Es dauerte zwei Monate, da erreichte Yayi Bayam der Anruf eines Verwandten von Teneriffa. Das Boot ihres Sohnes sei gesunken, berichtete er. Alioune und alle seine Freunde seien ertrunken. Zuerst glaubte Yayi ihm nicht: „Wie willst du wissen, dass unsere Kinder ertrunken sind?“, fragte sie. Er erklärte, dass Aliounes Piroge zusammen mit einem zweiten Boot abgelegt habe, um gemeinsam gegen Hunger und Müdigkeit zu kämpfen und sich bei Gefahr beizustehen. Nach einigen Tagen auf dem Meer drang Wasser in die Piroge von Yayis Sohn ein. Die jungen Männer glaubten, bereits die Küstenlichter der Kanaren zu sehen. Die Insassen des anderen Bootes versprachen, schneller zu fahren und Hilfe zu holen. Yayis Sohn blieb mit seinen 80 Kameraden zurück. Doch die Besatzung der noch seetüchtigen Piroge musste schnell feststellen, dass die vermeintlichen Lichter der Inseln lediglich Leuchten anderer Boote gewesen seien. Als sie endlich die Inseln erreichten und die Küstenwache nach den Vermissten suchte, fanden die Suchmannschaften Wrackteile der Piroge, Gepäck und Plastiktüten mit Verpflegung, die auf dem Meer trieben. Und zwei Leichen, die sie bergen konnten. Die übrigen 79 jungen Männer blieben vermisst. „Als mir mein Cousin das erzählte, da verstand ich, dass unsere Kinder im Meer verschollen sind“, sagt Yayi.
Sehnsucht: Amadou träumt noch immer den Traum vom "Gelobten Land" Europa.
Der Traum von Europa zerplatzt wie eine Seifenblase
Im Jahr 2006 bargen Schiffe vor den Kanarischen Inseln 1167 Leichen ertrunkener Bootsflüchtlinge.

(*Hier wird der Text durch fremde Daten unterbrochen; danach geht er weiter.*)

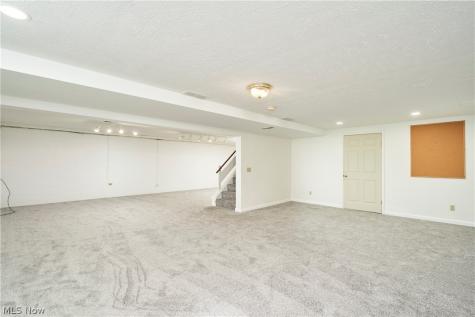 315 Hollythorn Drive Copley OH 44321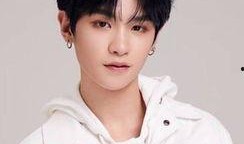 黄明昊台下爆料视频播放,揭秘明星幕后故事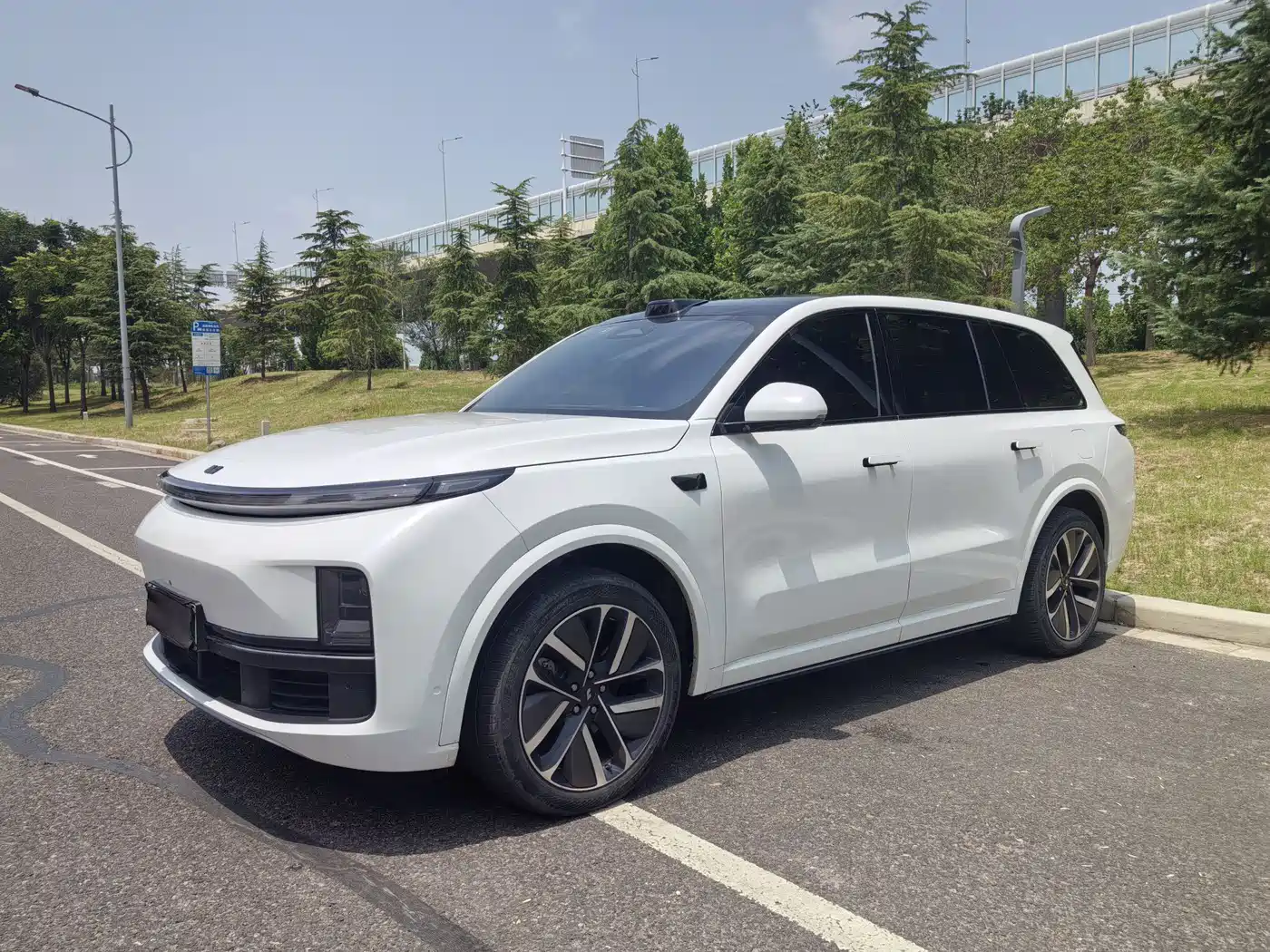 Li Auto Li Xiang L9 2022 Max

Mehrere Tausend Menschen gelten als vermisst. Seither patrouillieren Frontex-Boote vor den Inseln und stoppten den Zustrom. Frontex ist eine europäische Agentur, welche die illegale Einwanderung nach Europa verhindern soll. Flüchtlingsboote werden abgefangen und an die Küste ihrer Heimatländer zurückeskortiert. Flüchtlinge, die schon auf die Kanaren gelangt sind und aus sicheren Herkunftsländern stammen, schickt Frontex zurück.
So endete auch für den Senegalesen Amadou Fall* (Name geändert) sein Versuch, über die Kanaren nach Spanien zu gelangen. Amadou wagte im selben Jahr wie Alioune die Fahrt mit dem Boot. Elf Tage dauerte es, um von der Küste des Senegal zu den Inseln zu gelangen. Größere Probleme gab es nicht. Doch nach der glücklichen Ankunft zerplatzte Amadous Traum von Europa wie eine Seifenblase. Er musste zurück. Amadou kommt aus dem Fischerdorf N'Diébène Gandiol, nicht weit von der Hafenstadt St. Louis im Norden. Er versucht, sich mit dem Aufbau von Veranstaltungstechnik über Wasser zu halten. Doch leben kann er davon nicht. „Ich möchte nach Europa, um Arbeit zu finden und damit ich meinen Eltern helfen kann. Nur deswegen. Denn hier gibt es nichts. Absolut nichts“, erklärt er frustriert.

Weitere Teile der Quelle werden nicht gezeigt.